Italian Sausage and Bean SoupSoup du jour chez Michelle was Italian Sausage and Beans. I got home at 5:30, by 6:00 it was simmering away and I was setting the table, and at 6:15 we were soup-soup-souping away. With a little planning we could have had a salad and a crusty baguette, but – still – in under an hour, we were having a lovely bowl of soup and feeling all warm and cozy inside.

Here’s the “recipe”, adapted loosely from dozens and dozens of episodes of James Martin making soup on Ready Steady Cook, with my own Cajun twists here and there.
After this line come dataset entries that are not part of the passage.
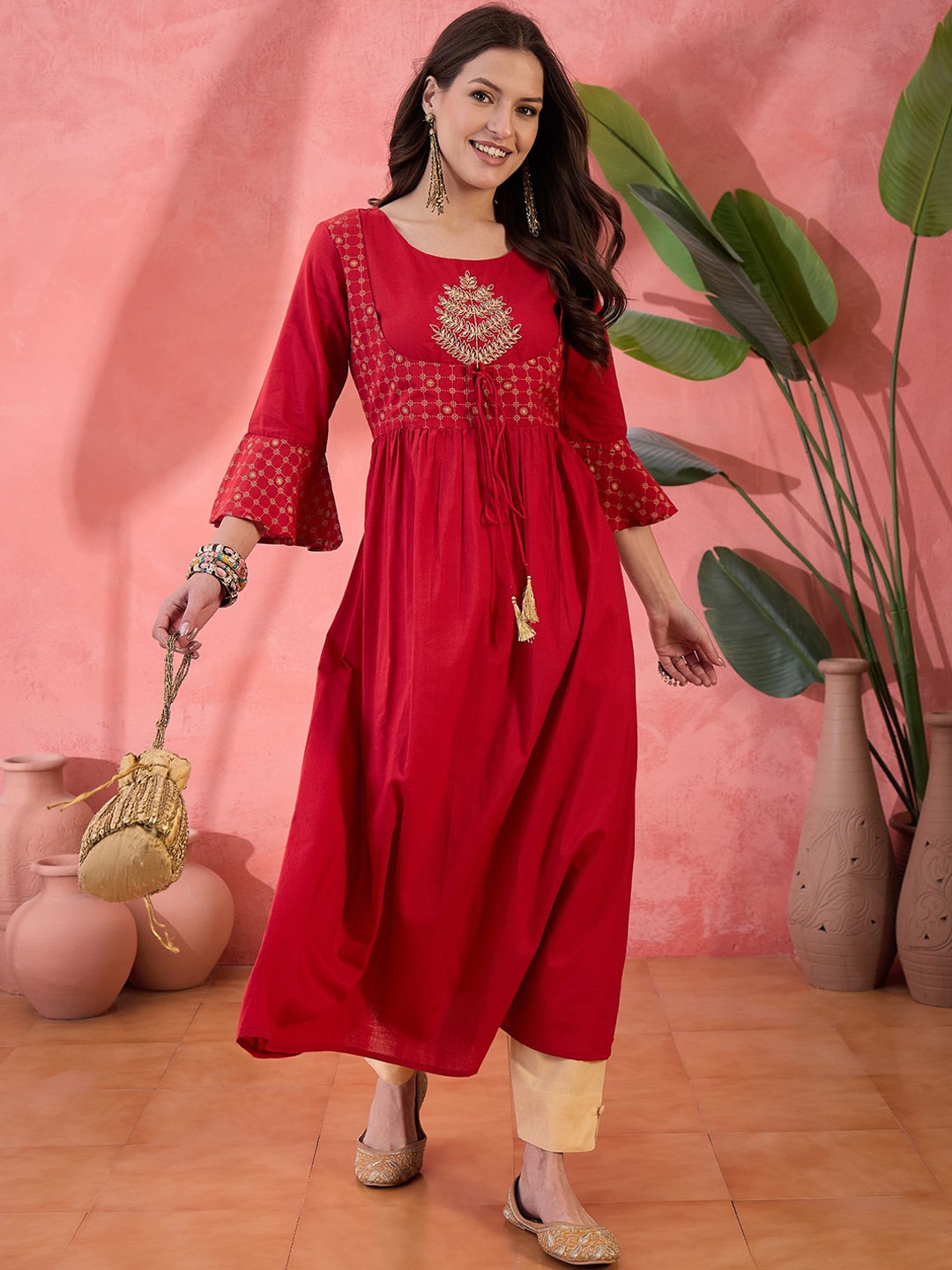 

Sangria Floral Yoke Design Bell Sleeves Thread Work Pure Cotton Anarkali Kurta, Red
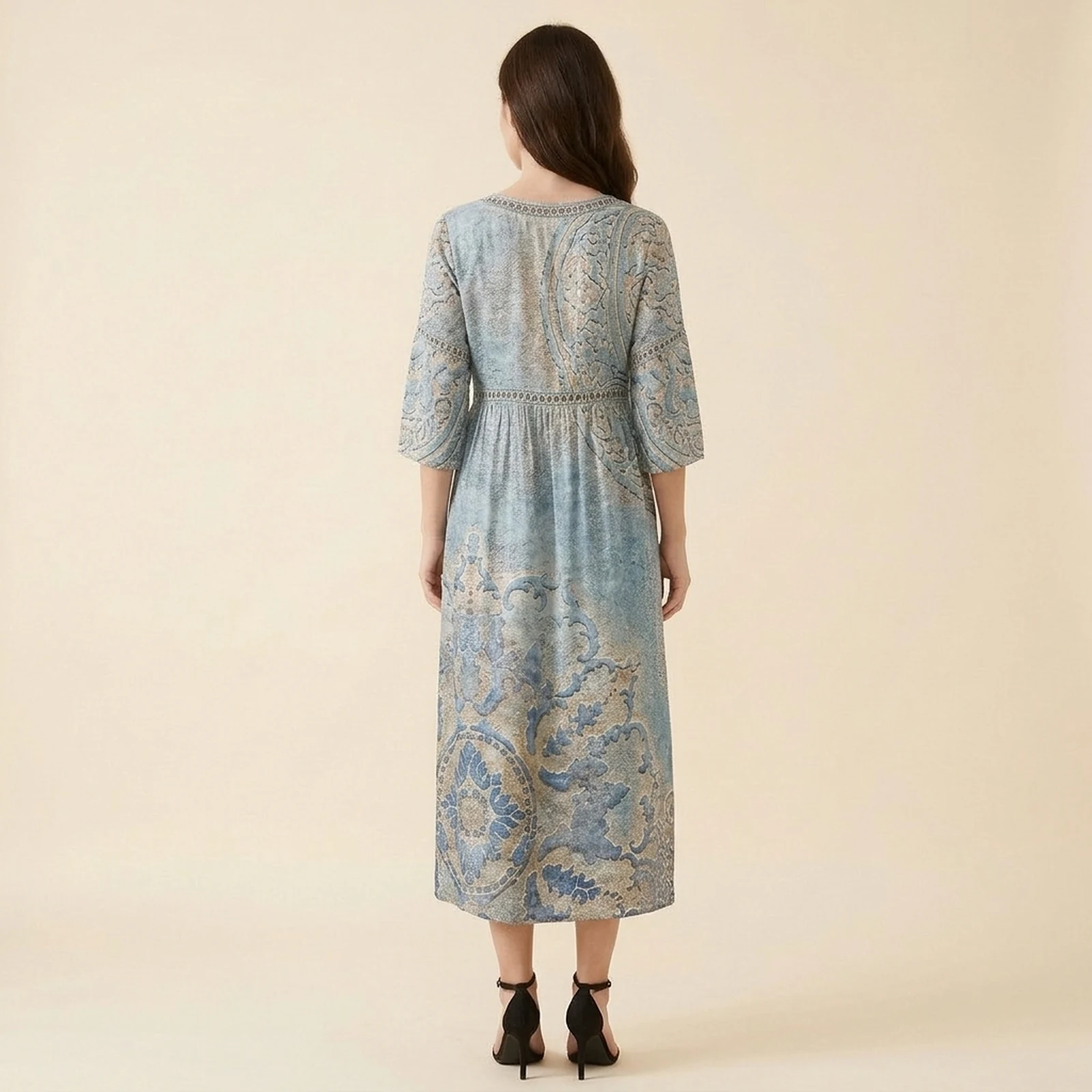 Laguna V-Neck Print Midi Dress, view 2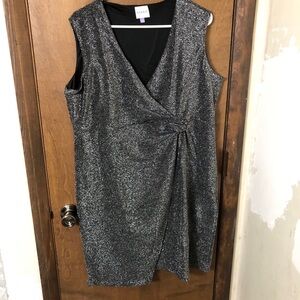 Serra Women’s XL Knot Front Black Glitter Dress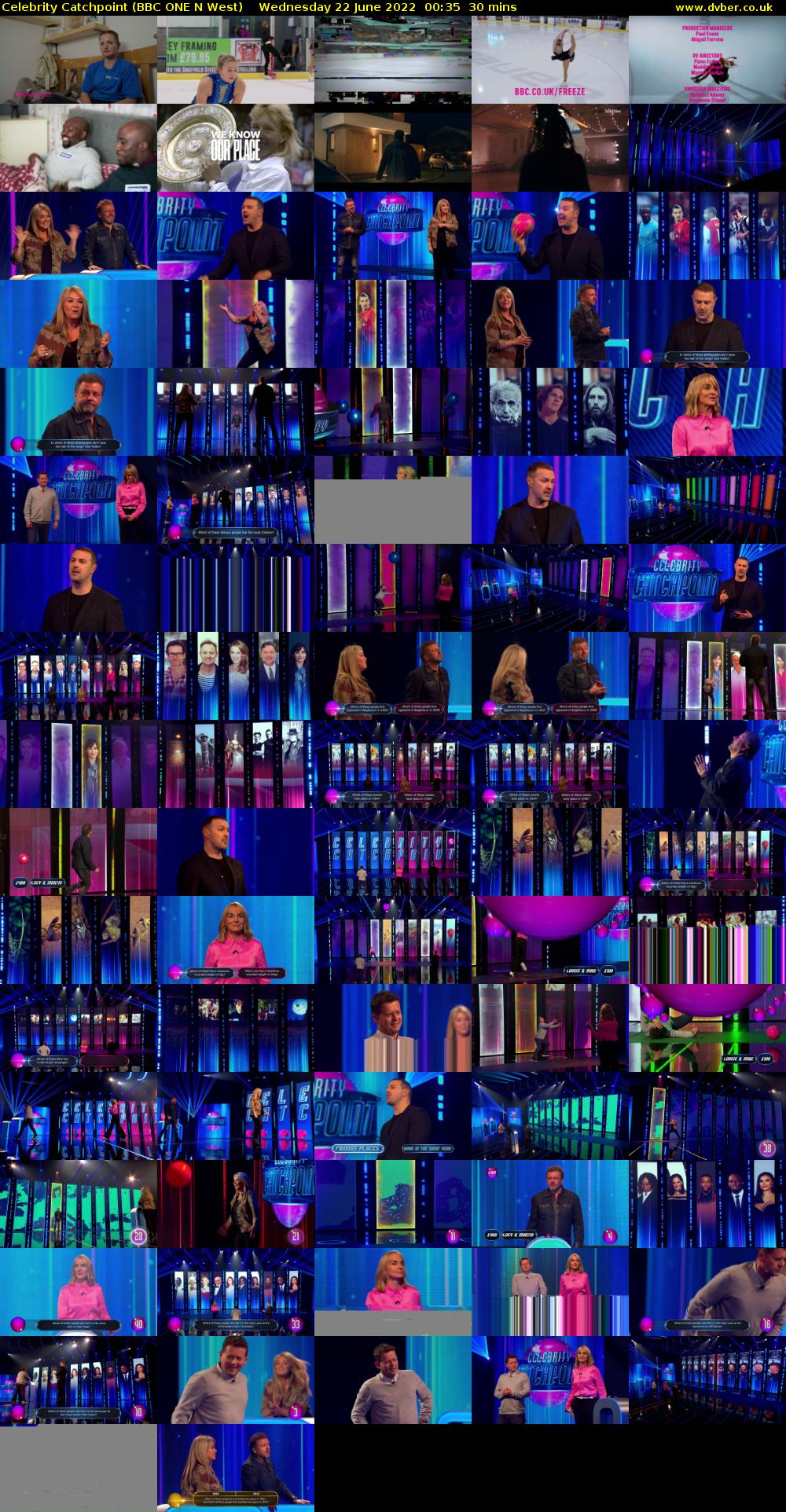 Celebrity Catchpoint (BBC ONE N West) Wednesday 22 June 2022 00:35 - 01:05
Michelle’s Italian Sausage and Bean Soup


  • 2 tbsp. olive oil
  • 1 medium onion, finely sliced
  • 1 green bell pepper, diced
  • 1 red bell pepper, diced (or orange or yellow, matters not)
  • 2 stalks of celery, diced
  • 1 32-oz carton of Swanson’s beef stock
  • 1 package of Johnsville Sweet Italian Sausage, casings removed
  • 2 15.5-oz cans Hanover cannellini beans, drained and rinsed
  • 1 14.5-oz can Hunts petite diced tomatoes, with liquid
  • Seasonings


  • In a 6-quart heavy pot with lid, brown sausage in olive oil, breaking it up into small pieces. When browned, remove sausage with a slotted spoon and set aside, leaving oil in pot.
  • Add onion to pot, and sauté on medium heat. Season with kosher salt and pepper, crushed red pepper flakes, herbes de Provence or Italian herbs, and garlic powder.
  • When onion is soft, add celery, bell peppers, and tomatoes. Cook on medium heat to allow tomatoes to soften and break down, stirring often.
  • Return sausage to pot and add cannellini beans and beef stock. Stir to combine, cover, and simmer on low heat for 30 minutes. If liquid does not completely cover the solids, add more broth or water.
  • Optional: add a bag of baby spinach near the end of the cooking time to up the nutritional value, although it is pretty healthy as is. Bon appetit!